ABOUT THIS EXERCISE:
Quote every line below exactly and skip any picture.

+++ RECORDS SHOWN

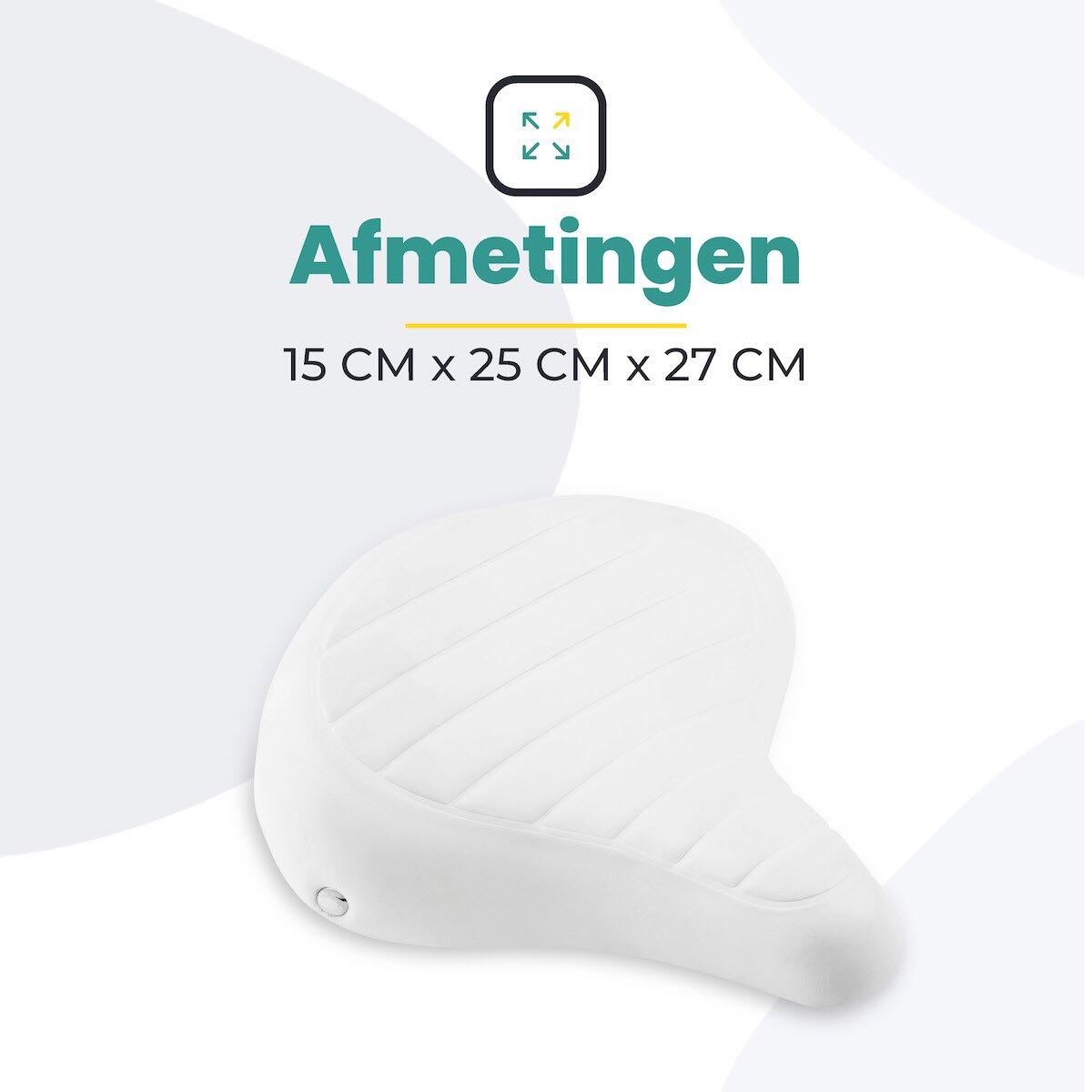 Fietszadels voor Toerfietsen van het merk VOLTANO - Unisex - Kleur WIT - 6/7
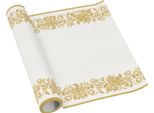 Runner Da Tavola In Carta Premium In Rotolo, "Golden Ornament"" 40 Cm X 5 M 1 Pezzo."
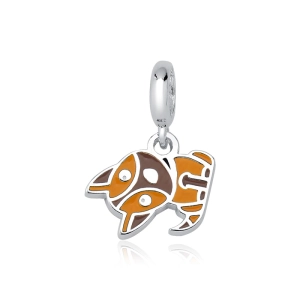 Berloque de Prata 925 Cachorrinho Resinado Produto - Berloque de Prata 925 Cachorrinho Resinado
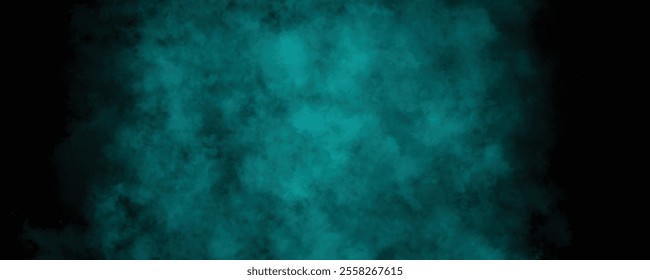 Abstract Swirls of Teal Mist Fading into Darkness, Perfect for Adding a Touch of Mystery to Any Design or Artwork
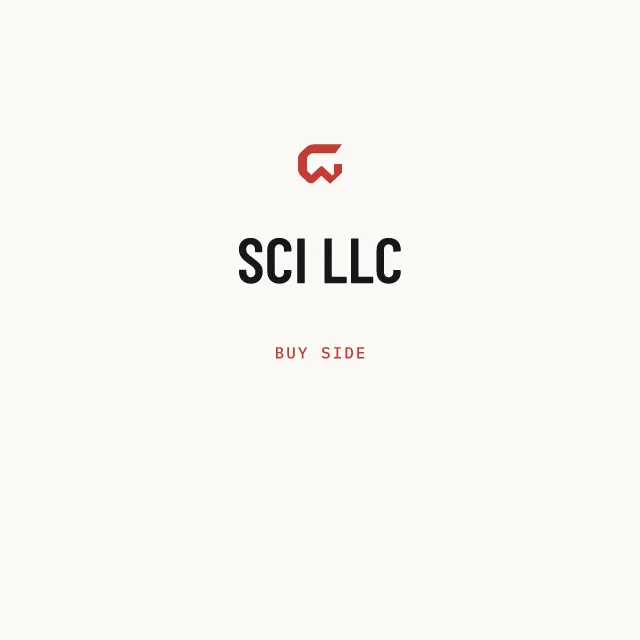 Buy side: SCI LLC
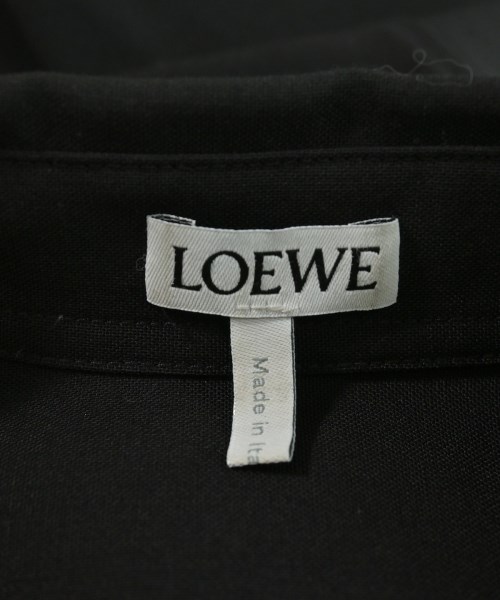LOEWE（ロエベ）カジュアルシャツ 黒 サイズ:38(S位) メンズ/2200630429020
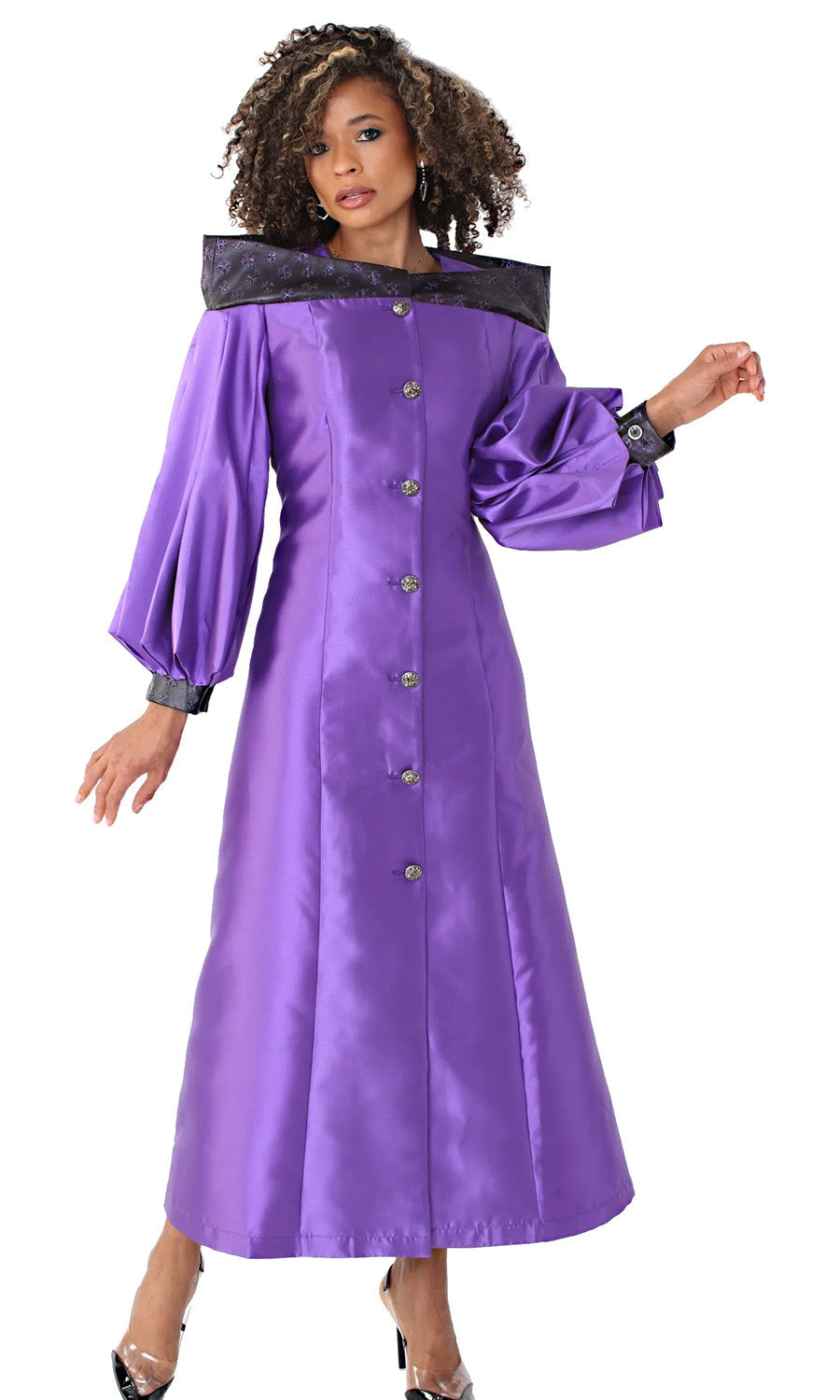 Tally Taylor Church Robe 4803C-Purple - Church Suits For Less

++++++

EXERCISE SOLUTION:
 Fietszadels voor Toerfietsen van het merk VOLTANO - Unisex - Kleur WIT - 6/7
 Runner Da Tavola In Carta Premium In Rotolo, "Golden Ornament"" 40 Cm X 5 M 1 Pezzo."
 Berloque de Prata 925 Cachorrinho Resinado Produto - Berloque de Prata 925 Cachorrinho Resinado
 Abstract Swirls of Teal Mist Fading into Darkness, Perfect for Adding a Touch of Mystery to Any Design or Artwork
 Buy side: SCI LLC
LOEWE（ロエベ）カジュアルシャツ 黒 サイズ:38(S位) メンズ/2200630429020
 Tally Taylor Church Robe 4803C-Purple - Church Suits For Less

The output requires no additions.